資生堂は、これまでの知見や経験を発展させ、国際機関、民間企業、地方自治体、関係団体などと連携し、女性が経済的に自立すること、また意思決定機関における女性の参画があたりまえの姿になることなど、ジェンダーにかかわらず、公正な機会を得ることで、一人ひとりが自分らしく生きられる社会の実現に貢献していきます。
資生堂は日本社会全体のジェンダー平等の実現を目指すリーディングカンパニーとして、自社での取り組みをさらに進化させ、女性活躍のための支援活動に注力しています。
2023年に発足した「資生堂DE&Iラボ」では、多様な人財が持てる力を発揮することで、異なる価値観や考え方が新たなイノベーションを生むまでのプロセスを東京大学との共同研究で検証し、企業成長との関係を実証しようと取り組んでいます。

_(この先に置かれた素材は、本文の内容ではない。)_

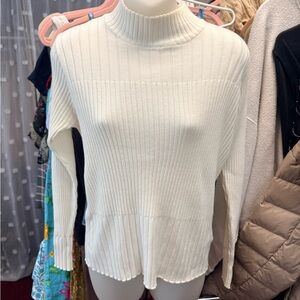 Worthington Cream Ribbed Mock Neck Sweater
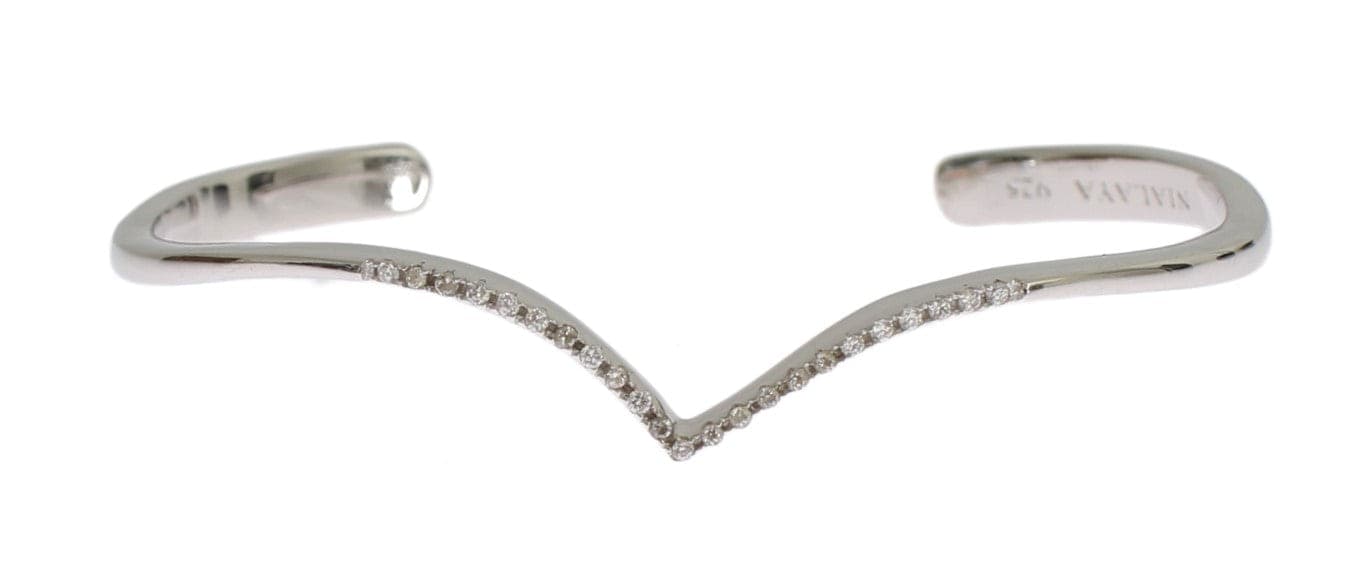 Skyfall CZ 925 Silver Bangle Bracelet - 3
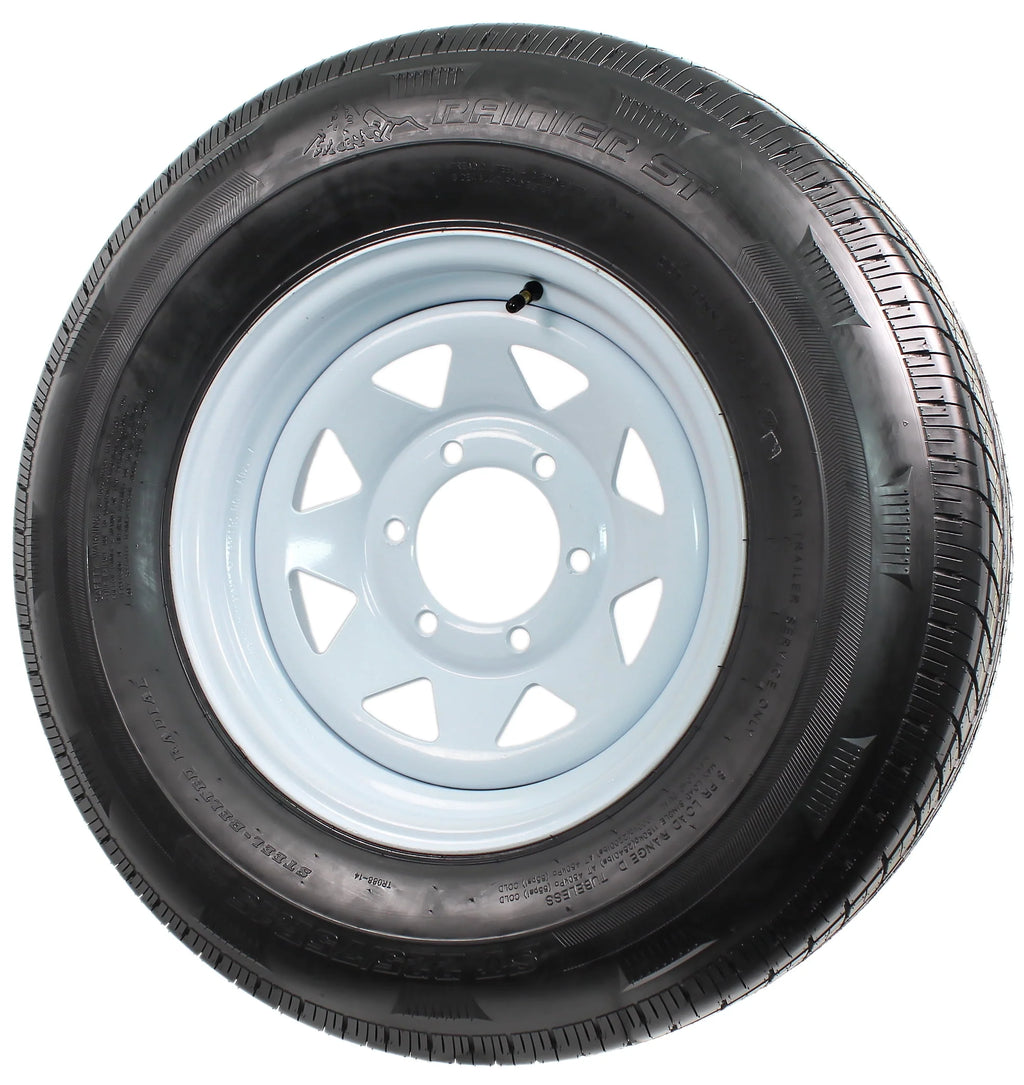ST225/75R15 15 D 6 Lug White Spoke Trailer Tire On Rim Y85365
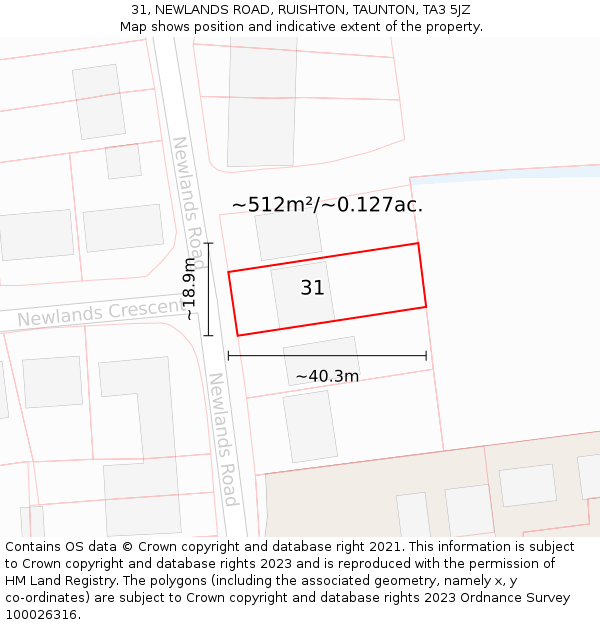 31, NEWLANDS ROAD, RUISHTON, TAUNTON, TA3 5JZ: Plot and title map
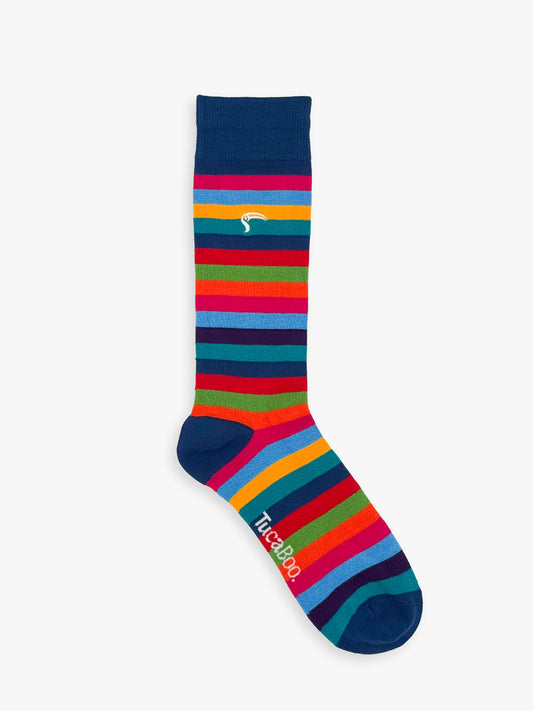 Multicoloured striped men's bamboo socks with a navy cuff, heel and toe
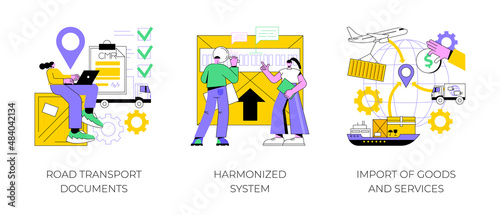 International logistics abstract concept vector illustration set. Road transport documents, harmonized system, import of goods and services, CMR, HTS code service, trading goods abstract metaphor.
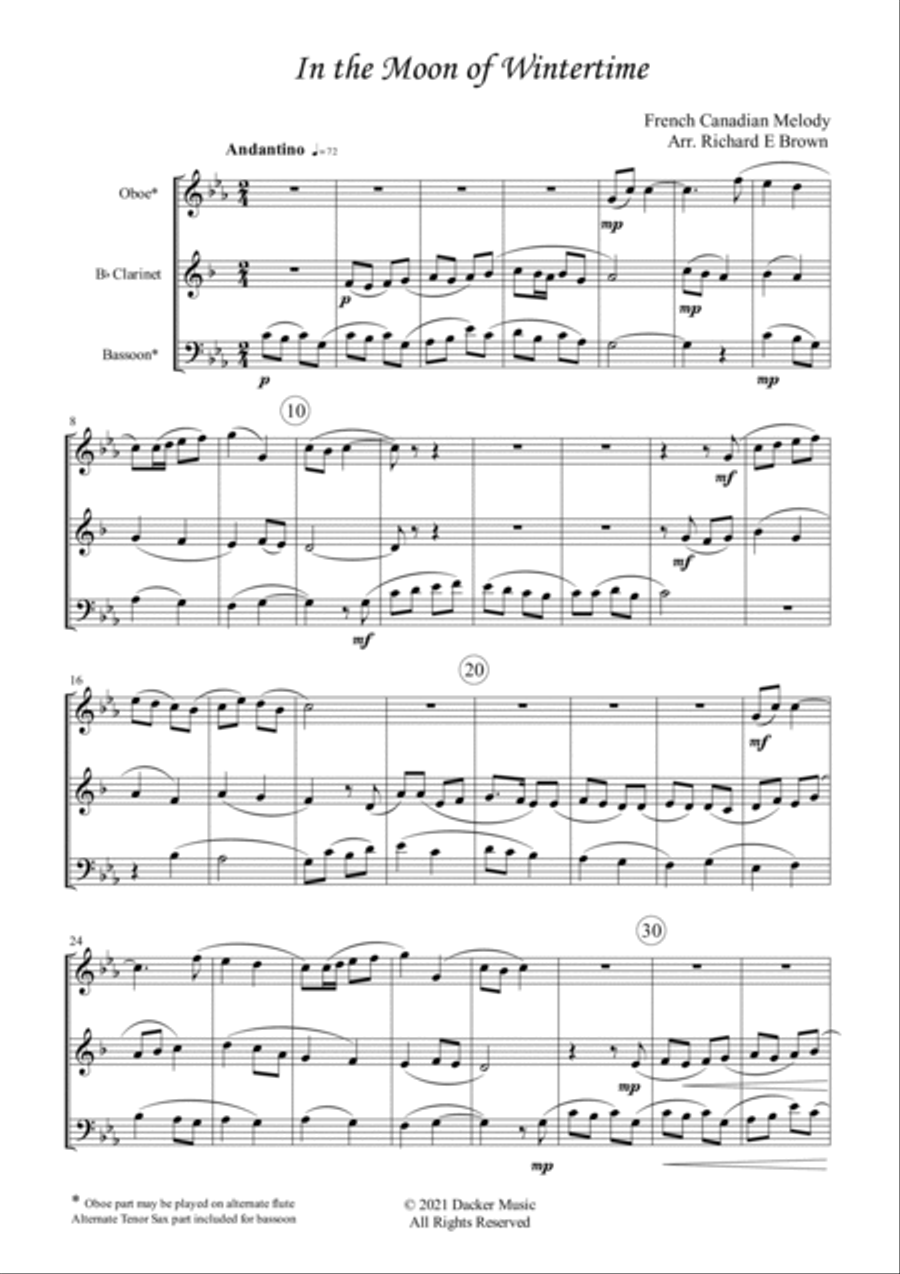 In the Moon of Wintertime - Woodwind Trio Woodwind Trio scores gallery preview page 2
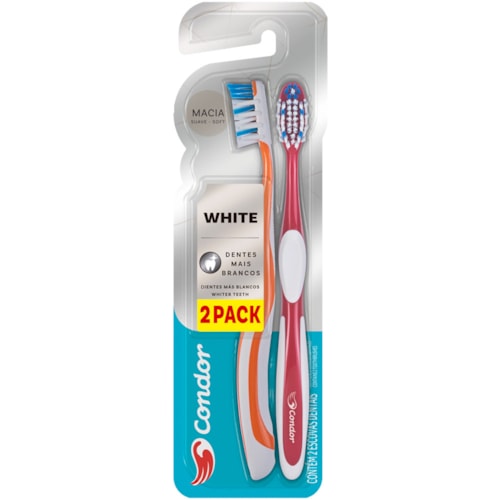 Escova Dental Condor White Clean Macia 2Un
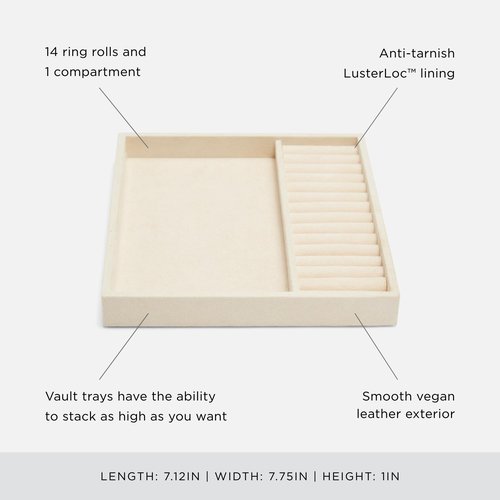 WOLF VAULT Half Tray Ring Insert, Beige - Includes 14 Ring Rolls - Stackable - Anti-Tarnish LusterLoc Lining - Prevents Jewelry Discoloration + Tarnishing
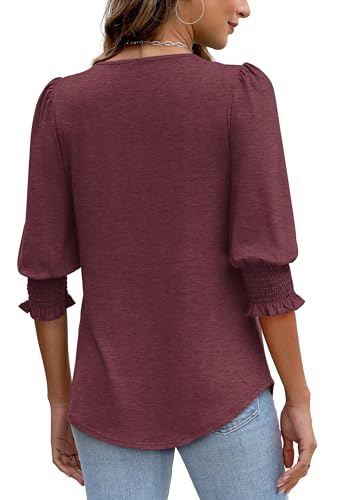 Image of XIEERDUO Blouses for Women Dressy Casual 3 /4 Length Sleeve Womens Tops with Smocked Cuffs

また、これらの研究で得られた知見は自社内だけでなく社会にも共有することで、DE&Iの実現による日本経済の成長促進に貢献していきます。
2024年3月には、「資生堂DE&Iラボサイト」をオープンしました。「資生堂DE&Iラボ」で得た研究結果、および当社のこれまでの取り組みや学びを社内外に公表することで、日本社会のDE&I推進に寄与することを目的としています。先進企業としてDE&Iの実現による日本経済の成長促進への貢献を目指し、美容職社員の働き方改革や女性管理職育成プログラムなど、これまでの知見や実績を「ACTIONS」、東京大学の山口慎太郎教授のチーム※と共同で進めている、多様な人材の活躍と企業成長の関係についての実証研究で得た結果を「RESEARCH」として公表しています。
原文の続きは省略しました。